The Arab League, founded in 1945, represents 22 nations across the Mideast and North Africa, though Syria has been suspended amid its long-running war. While unified in the call for the Palestinians to have an independent state, the body has otherwise been largely fractious and unable to enforce its mandates.

Prince Mohammed came to power in 2015 as a deputy crown prince, then quickly became crown prince some two years later after King Salman removed Prince Mohammed bin Nayef, a once-powerful figure as head of Saudi counterterrorism efforts and a close American ally.

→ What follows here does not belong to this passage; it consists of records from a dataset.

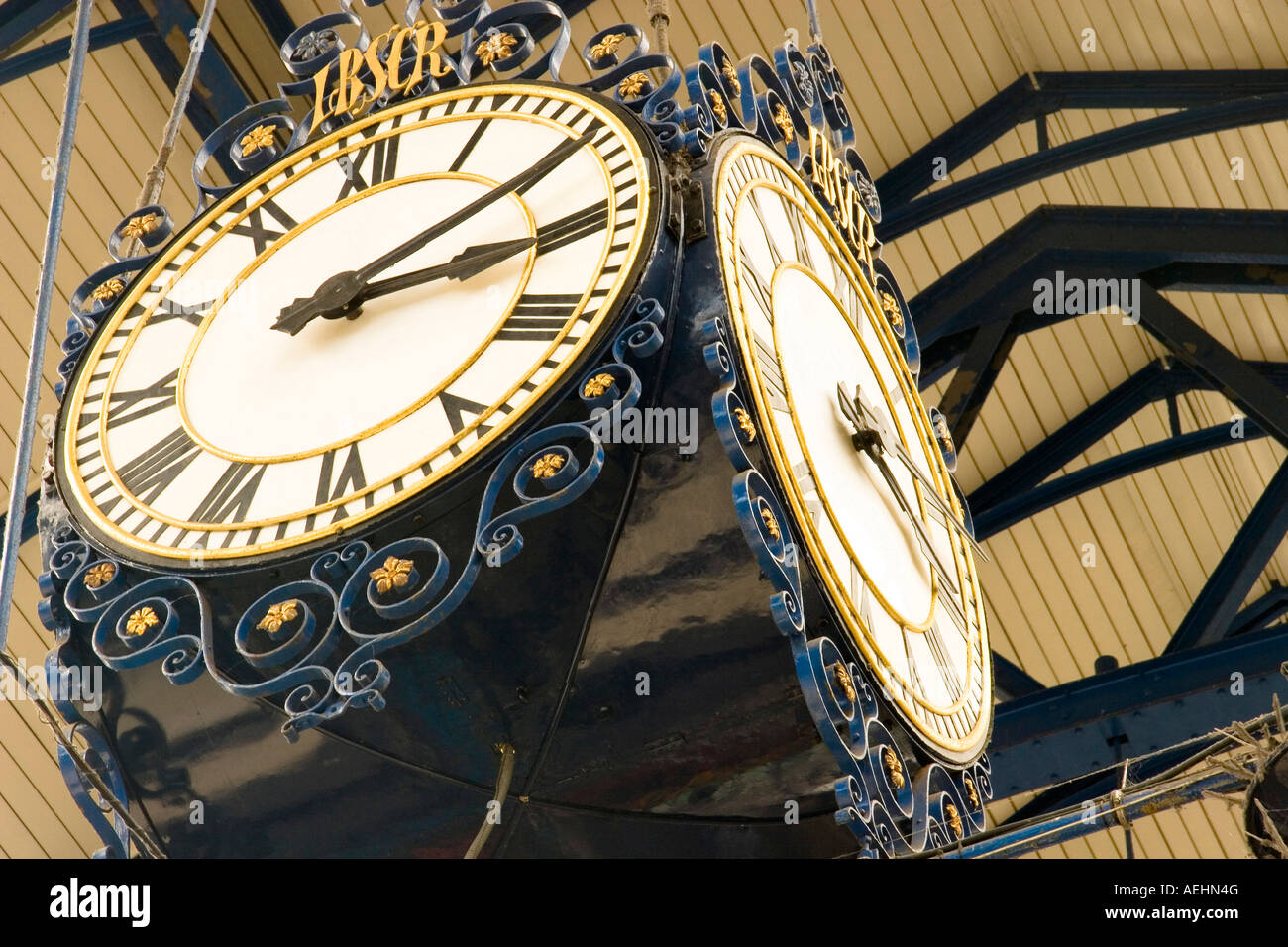 A close up of the stunning clock inside Brighton railway station Stock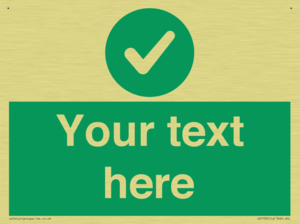 Custom green background, green circle with tick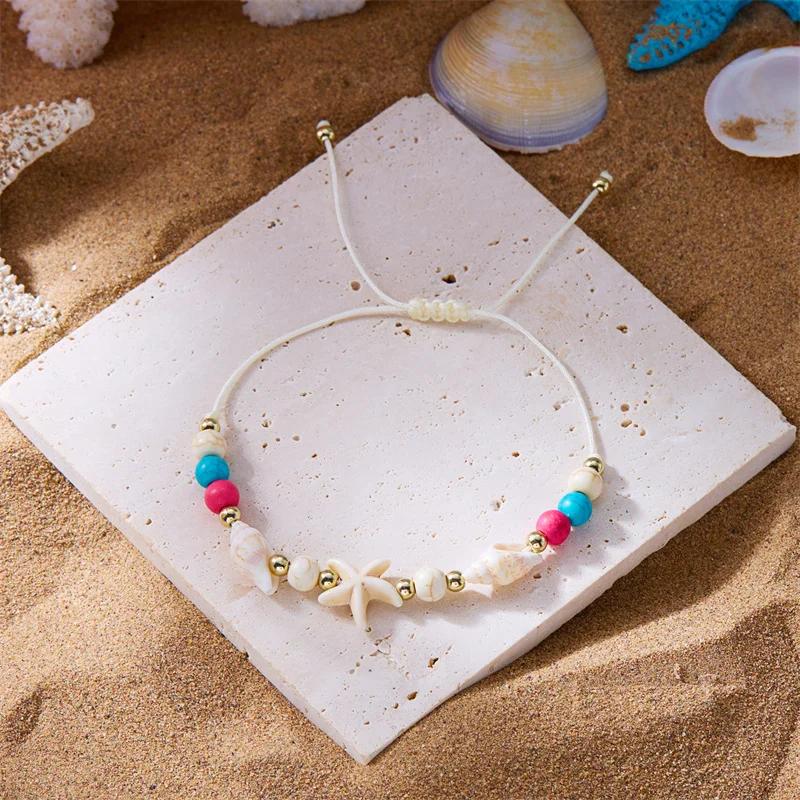 Trendy Bohemian Starfish Conch Shell Beads Bracelet For Women Girls Summer Beach Party Rice Bead Adjustable Bangle Jewelry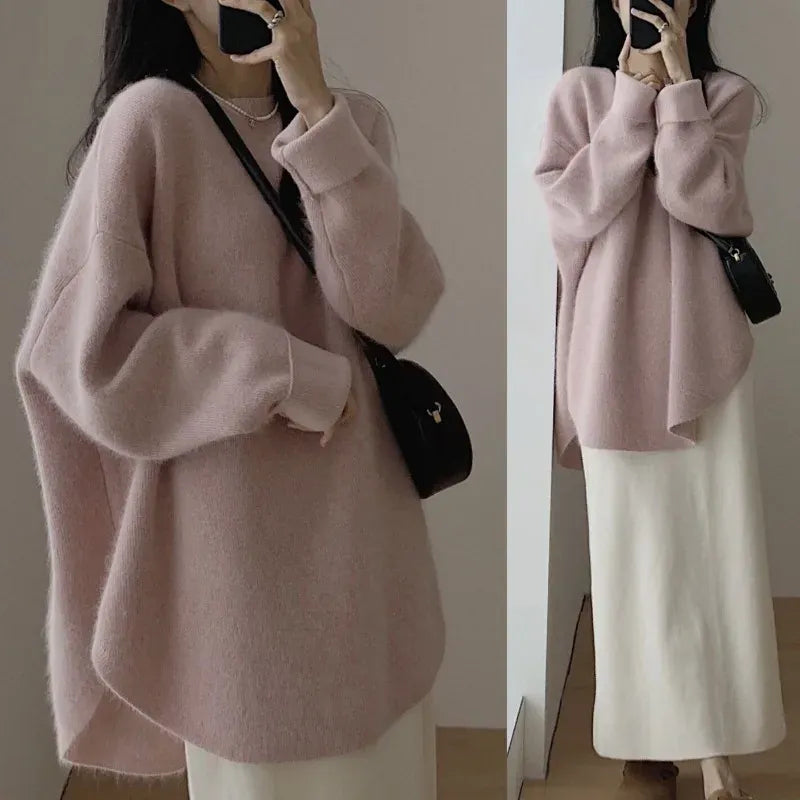 T-line Pink / One Size (not xxl) Sweater women's autumn / winter,  knitted pullover  (2 weeks delivery)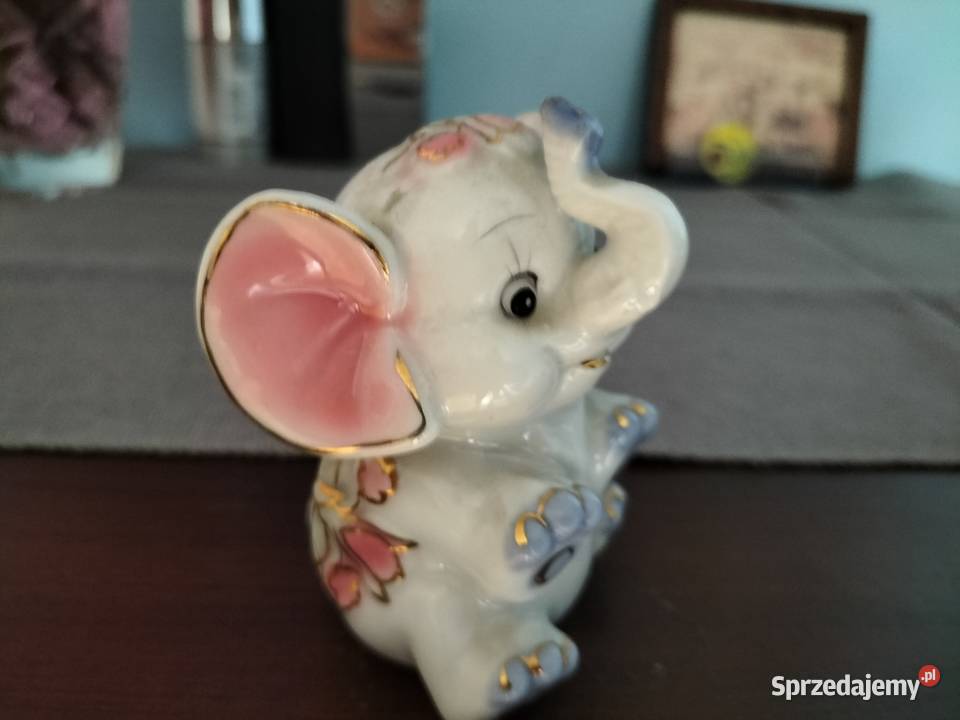 SŁONIK SZCZEŚCIA różowy obiekt Vintage Wrocław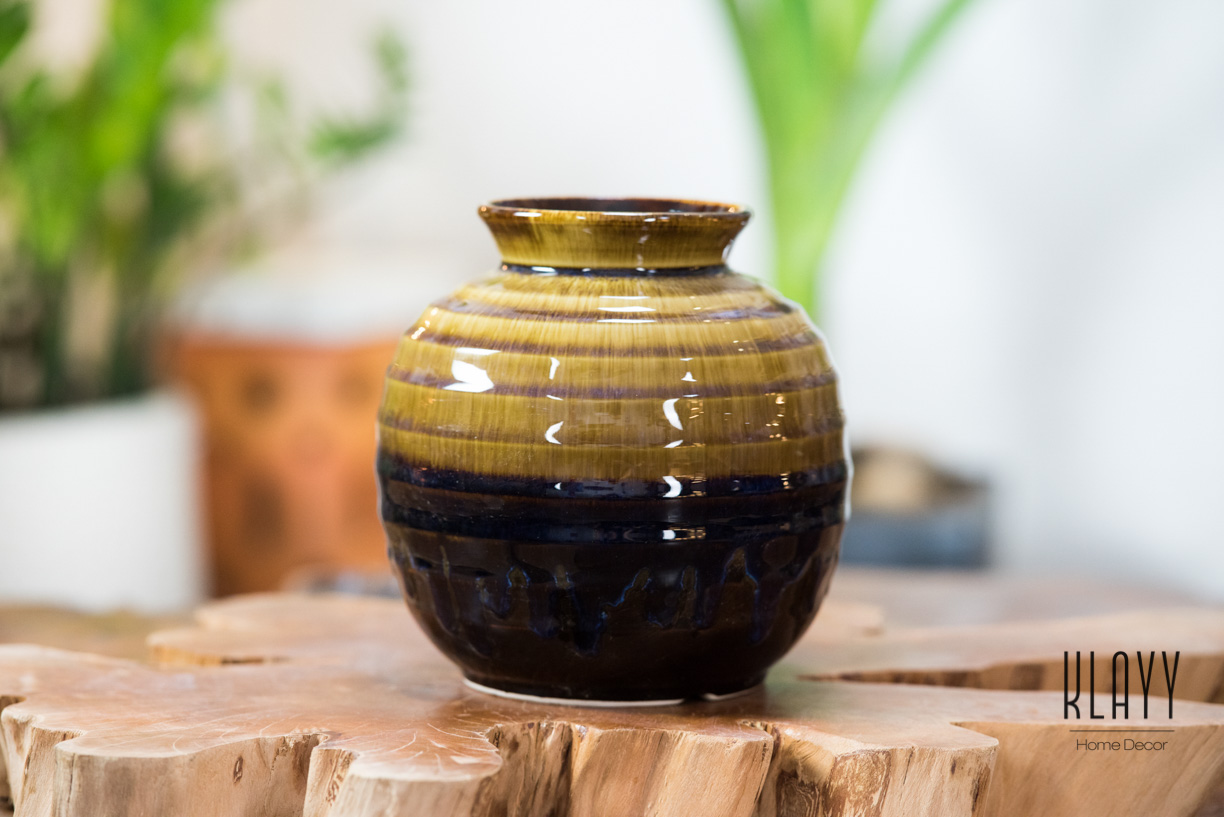 Silky Brown Round Vase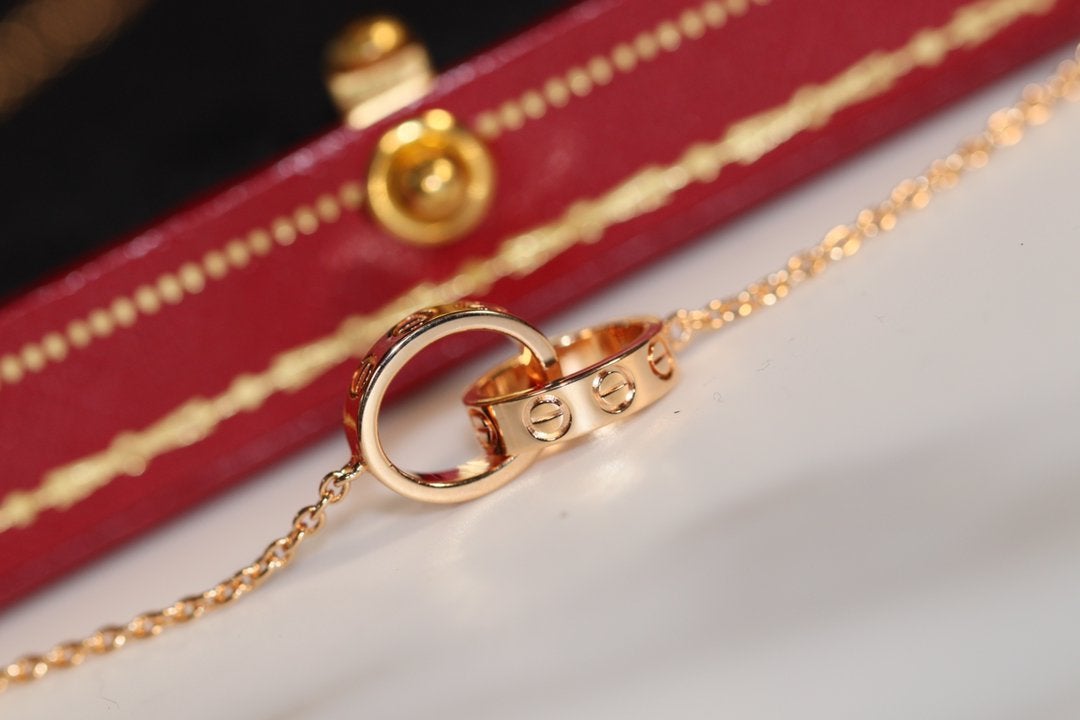 [CiCi]LOVE NECKLACE PINK GOLD AND SILVER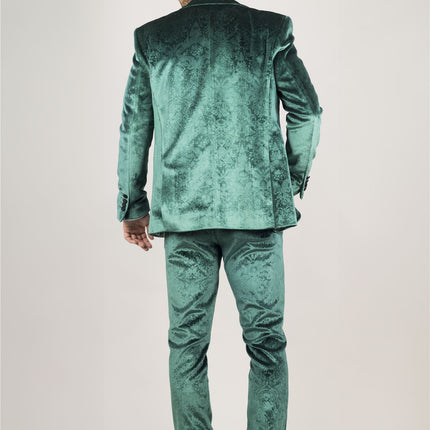 Men's Green 3 Piece Velvet Wedding Tuxedo Formal Suit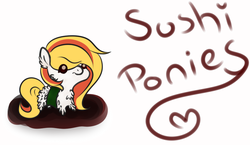 Size: 842x489 | Tagged: safe, artist:ambercatlucky2, oc, oc only, oc:ginger, food pony, original species, food, sushi, sushi pony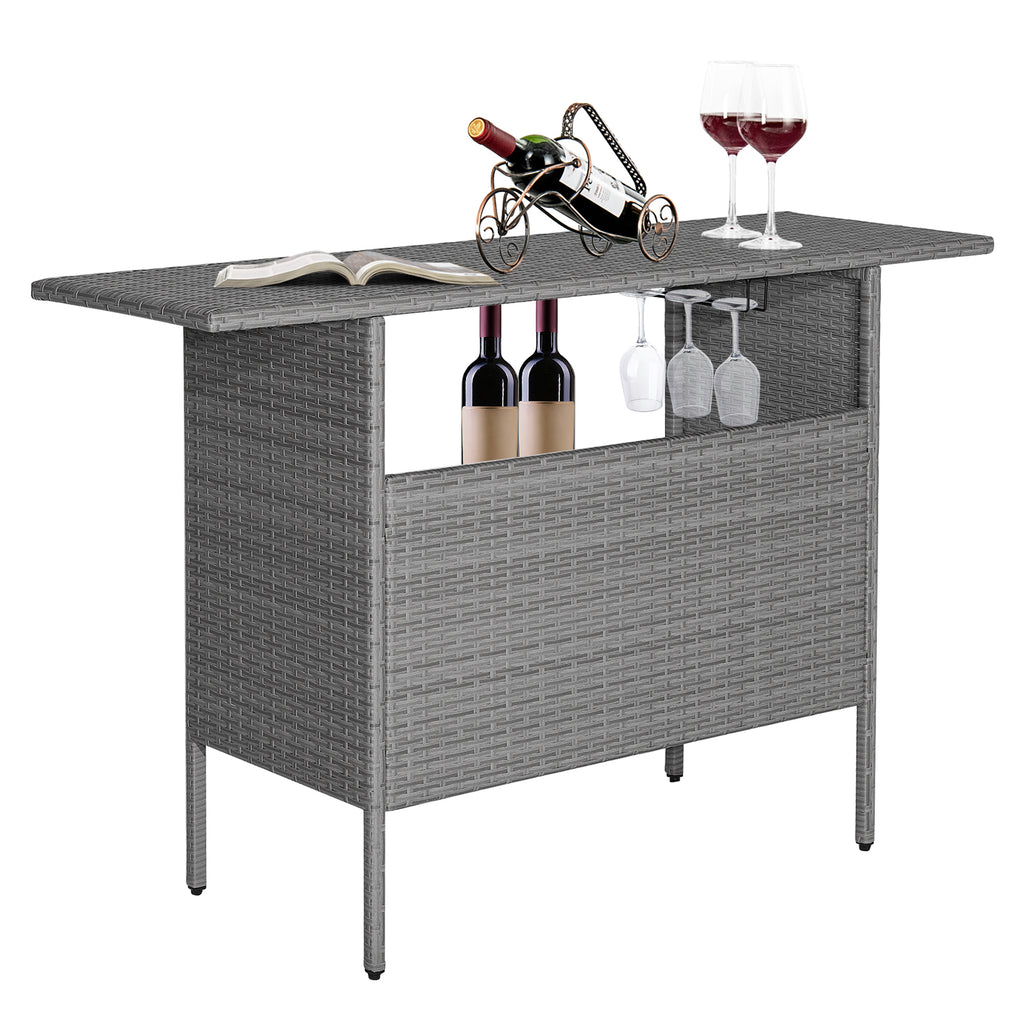 Outdoor Patio Wicker Bar Table with Metal Shelves - Mix Gray Rattan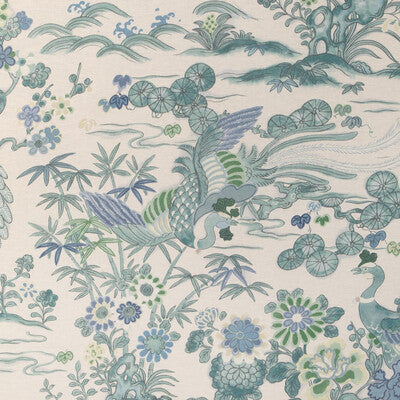 LEE JOFA PRINT BOTANICAL & FLORAL TEAL,BLUE,GREEN   - 2023139.353.0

His rise to power, however, has seen the kingdom undergo rapid changes, like allowing women to drive and opening movie theaters while loosening the grip of ultraconservatives in the kingdom. However, the prince also engaged in a corruption crackdown that turned a luxury hotel in Riyadh into a prison for powerbrokers in the kingdom who could have challenged his rule. He’s also led an internationally criticized Saudi military campaign in a ruinous war in Yemen that rages even today in the Arab world’s poorest country.

U.S. intelligence services have linked Prince Mohammed to the 2018 killing and dismemberment of Washington Post columnist Jamal Khashoggi, a critic of his rule. The kingdom has denied the prince was involved, though its prosecution of the government squad behind Khashoggi’s slaying has been held behind closed doors.

Recently, the prince has come under intense American criticism over Saudi Arabia leading OPEC and allied nations to agree to an oil production cut of 2 million barrels per day.